Kush climbed higher onto his chest, shifting just enough to expose the side of Akash’s neck and shoulder to her gaze, giving her a clear view of the dark ink sweeping down his skin.

She now knew what it was. Sanskrit words she’d looked up after that night.

Aham Ahamsi Yodha. It meant: I am a warrior.

That night at the nightclub in Singapore, she’d wondered what the tattoo meant and why he had gotten it? Later, she’d traced the black script with her fingers… and with her mouth. She remembered the way he’d shuddered beneath her touch, the sounds he’d made when she’d kissed along the ink.

Heat shot through her. Absolutely not.

She was not thinking about that night again. Not now. Not with him just inches away, watching her like he could read every memory flickering through her mind.

She forced herself to meet his gaze.

Kiana looked up and spotted her standing a little distance away. Her entire face lit up.

“Aunty Shauna!” she squealed, wriggling out of Akash’s hold and sprinting toward her, her little feet kicking up sand. “Come play. We’re making a sandcastle.”

Before Shauna could react, Kiana grabbed her hand and dragged her to where Akash sat on the sand, Kush beside him, busily patting wet sand into a misshapen mound.

Shauna knelt in front of them. “Hi, Kush.”

The little boy looked up at her and gave her a tiny wave.

She held out her fist. “Fist bump?”

Smiling, he tapped his small fist against hers with solemn concentration.

She laughed softly. “Good job.”

She glanced at Akash. He didn’t even look up. He was focused on packing sand into a bucket, his jaw set, his movements precise.

Kiana handed Shauna a yellow spade, and then her little eyes moved between Akash and her.

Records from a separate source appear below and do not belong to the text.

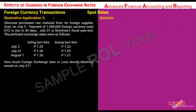Hi, this is Andrew, and this is our second illustrative application pertaining to spot rates. In this problem, we have Glory Me making a purchase of raw materials from its foreign supplier. The transaction was entered into in July 2, and payment is due in 30 days. However, the reporting date is on July 31.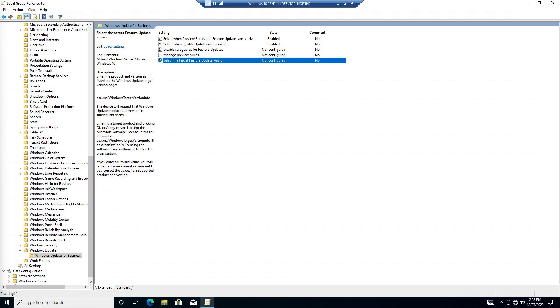Lastly, select the Target Feature Update version allows you to tell Windows to stop at a specific version of Windows. For instance, if you had a program that had issues with Windows builds newer than 21H2, you could specify that Windows is not allowed to install newer versions until your software has fixed their issues with the newer builds.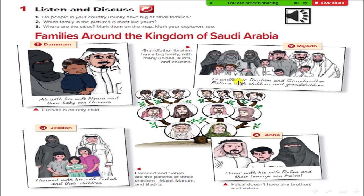Grandfather Ibrahim. Grandfather Ibrahim and Grandmother Fatima with children. Very good, Abdullah. Thank you, Abdullah. And number three, this family in Jeddah.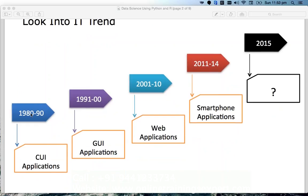Let's go back 30 years. In the 1980s and 90s we had CUI — Character User Interface — applications. You would type commands and get answers from the system; these were called character user interfaces, mainframes. In those days computers were accessible mainly to scholars and scientists, who understood them and built applications.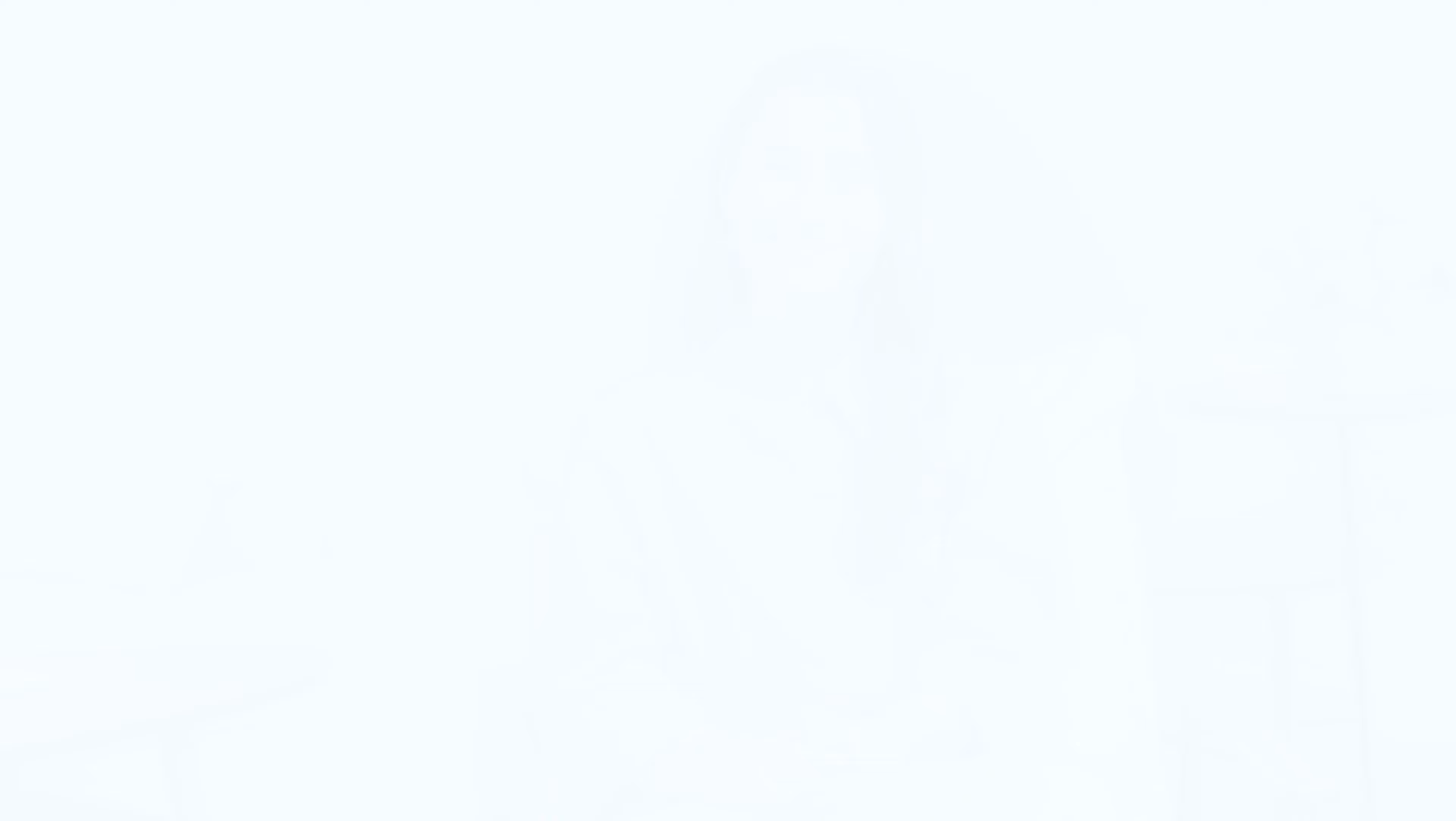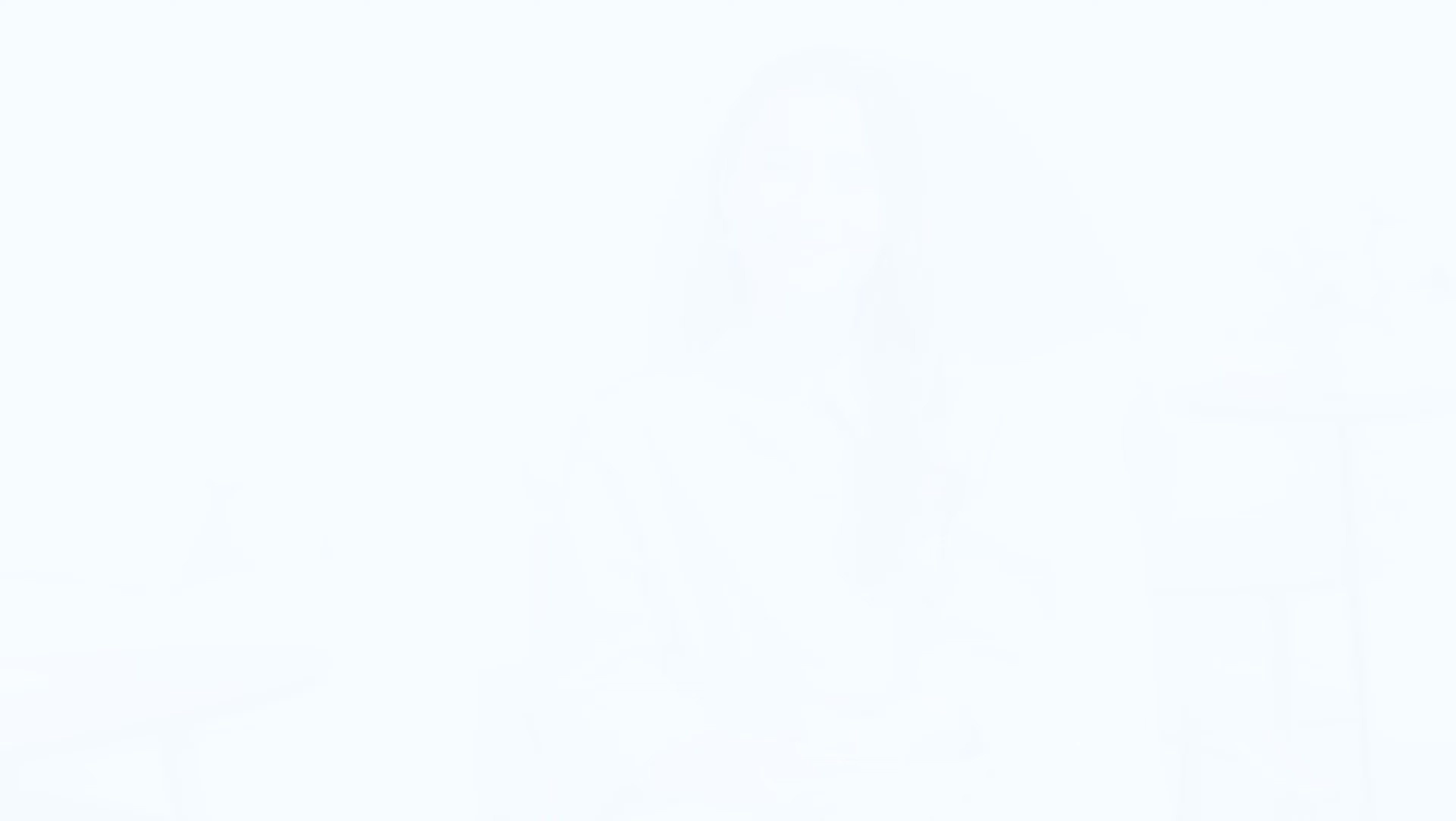November is Diabetes Awareness Month and as some of you may know I've been living with type 1 diabetes for 18 years. My story is quite atypical.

“Akash?” Kiana called out.

“Hm?”

“Say hi to Aunty Shauna.”

Shauna’s eyes widened. In front of her, Akash stilled. Then he slowly turned his head toward Shauna.

Something unreadable flickered across his expression. Then his mouth curved faintly.

“Hi, Shauna. Good morning.” There was a slight pause before he added, “Sorry. I forgot my manners.”

Shauna met his gaze. “Good morning, Akash.”

Kiana grinned, then clapped her hands together. “Come on, faster. First we make the sandcastle, and then we play in the water.”

“And who’s going to eat breakfast?” Akash asked. “I promised your mom I’d feed you two monkeys breakfast and then wake her up.”

“No breakfast. Not hungry,” Kiana said. “Please, can we play in the water? Please?”

She flashed him a devastatingly cute grin and batted her eyelashes with exaggerated innocence. Shauna chuckled softly. This little girl knew exactly how to deploy her charm.